*ACTIVITY*.
Leaving out the pictures, reproduce each record exactly and in full.
• • • • • • •
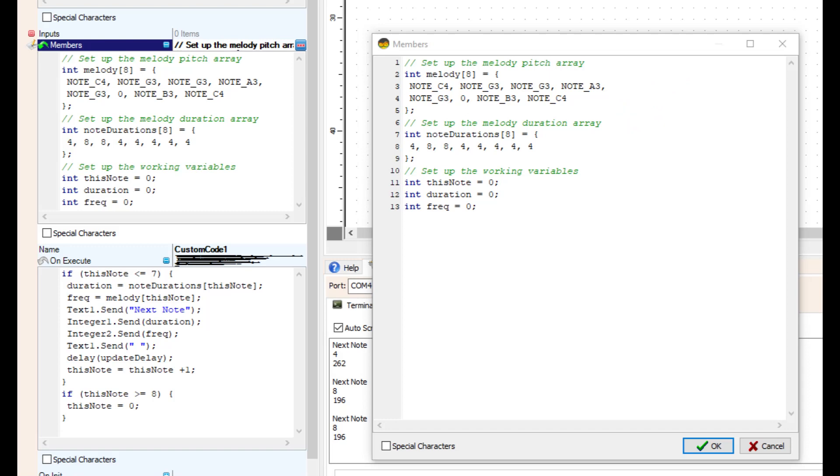In Visualino custom code, you must put the number of variables in the array in the square brackets. In the normal IDE it is not required that you have that number here. You must.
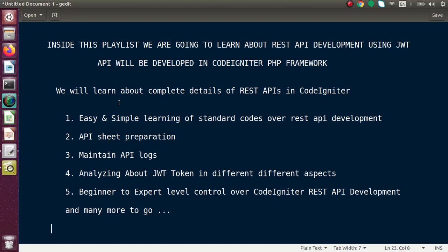We will also see how to maintain API call logs, and we will analyze JWT tokens in different phases and different aspects. This playlist is going to give you beginner to expert level control over CodeIgniter REST API development.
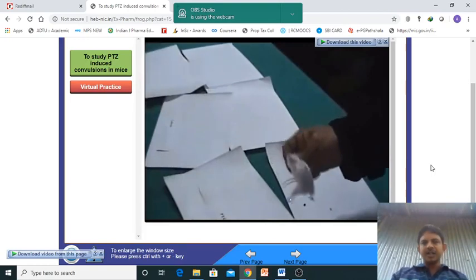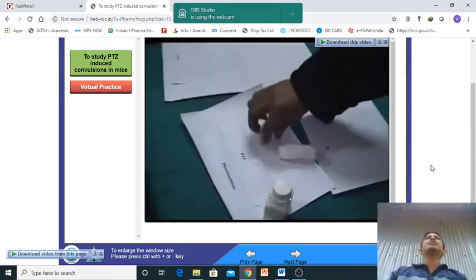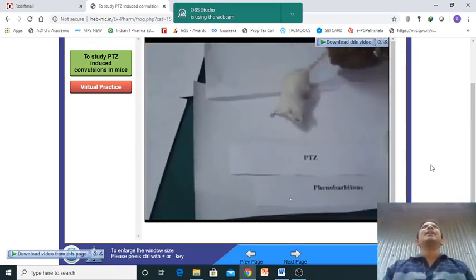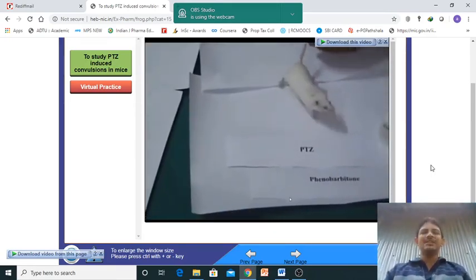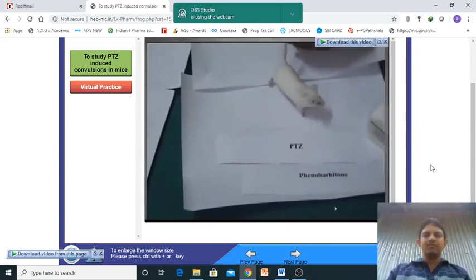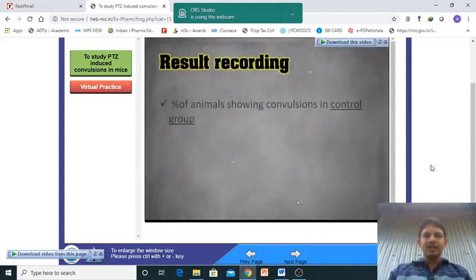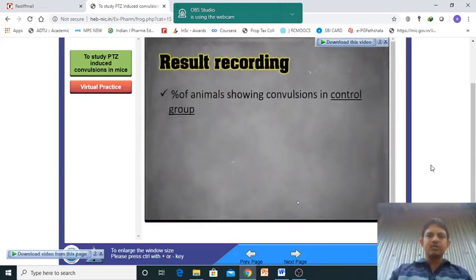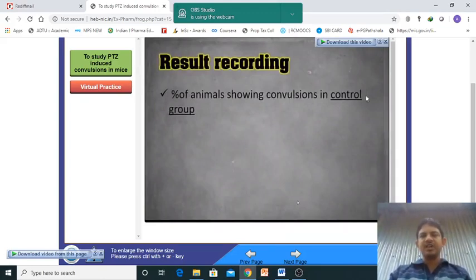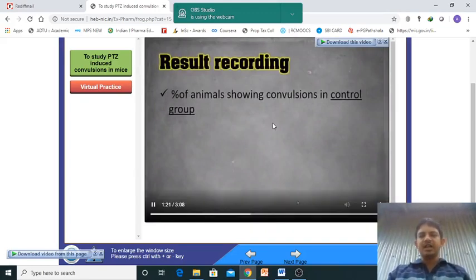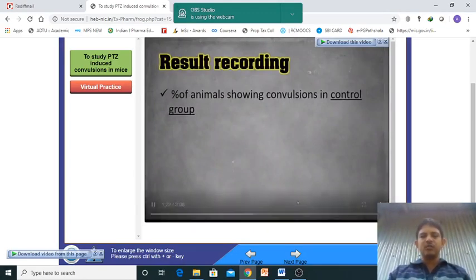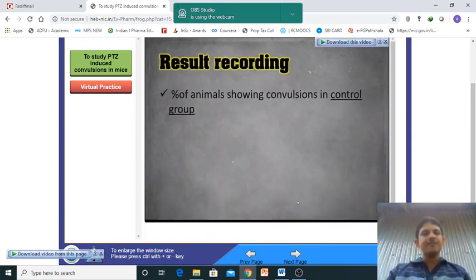Benzodiazepine acts on the GABA receptor by opening it. Phenobarbitone — a barbiturate — has also been given. We are showing convulsions in the control group and will also check convulsions in the animals treated with the drug class.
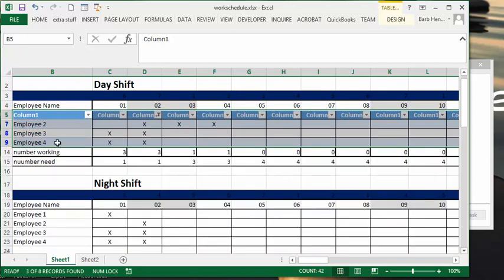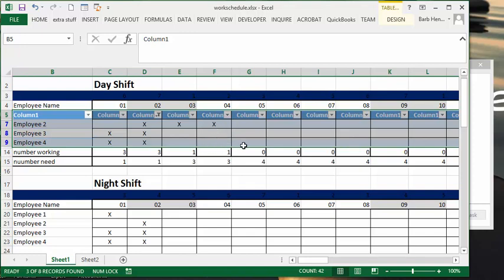So adding that table allows you to sort and filter what you have put down for your schedule. It could make it very handy for telling employees when they work or finding out who's worked too much or the other. So that's my improvement to the shift schedule. Please subscribe.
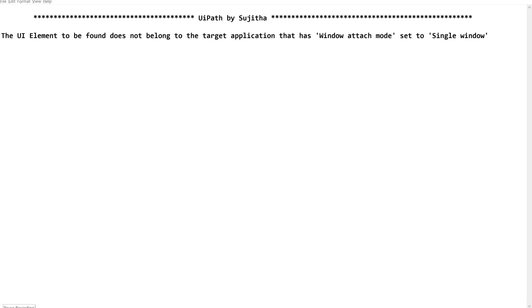Hello techies, welcome back to our channel UiPath by Sujita. In this video, we are going to learn about an exception which is very familiar to all of our UiPath developers, but we may not be concentrating much on this.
• • • • • • •
*RESPONSE TO THE TASK*.
In Visualino custom code, you must put the number of variables in the array in the square brackets. In the normal IDE it is not required that you have that number here. You must.
We will also see how to maintain API call logs, and we will analyze JWT tokens in different phases and different aspects. This playlist is going to give you beginner to expert level control over CodeIgniter REST API development.
Benzodiazepine acts on the GABA receptor by opening it. Phenobarbitone — a barbiturate — has also been given. We are showing convulsions in the control group and will also check convulsions in the animals treated with the drug class.
So adding that table allows you to sort and filter what you have put down for your schedule. It could make it very handy for telling employees when they work or finding out who's worked too much or the other. So that's my improvement to the shift schedule. Please subscribe.
Hello techies, welcome back to our channel UiPath by Sujita. In this video, we are going to learn about an exception which is very familiar to all of our UiPath developers, but we may not be concentrating much on this.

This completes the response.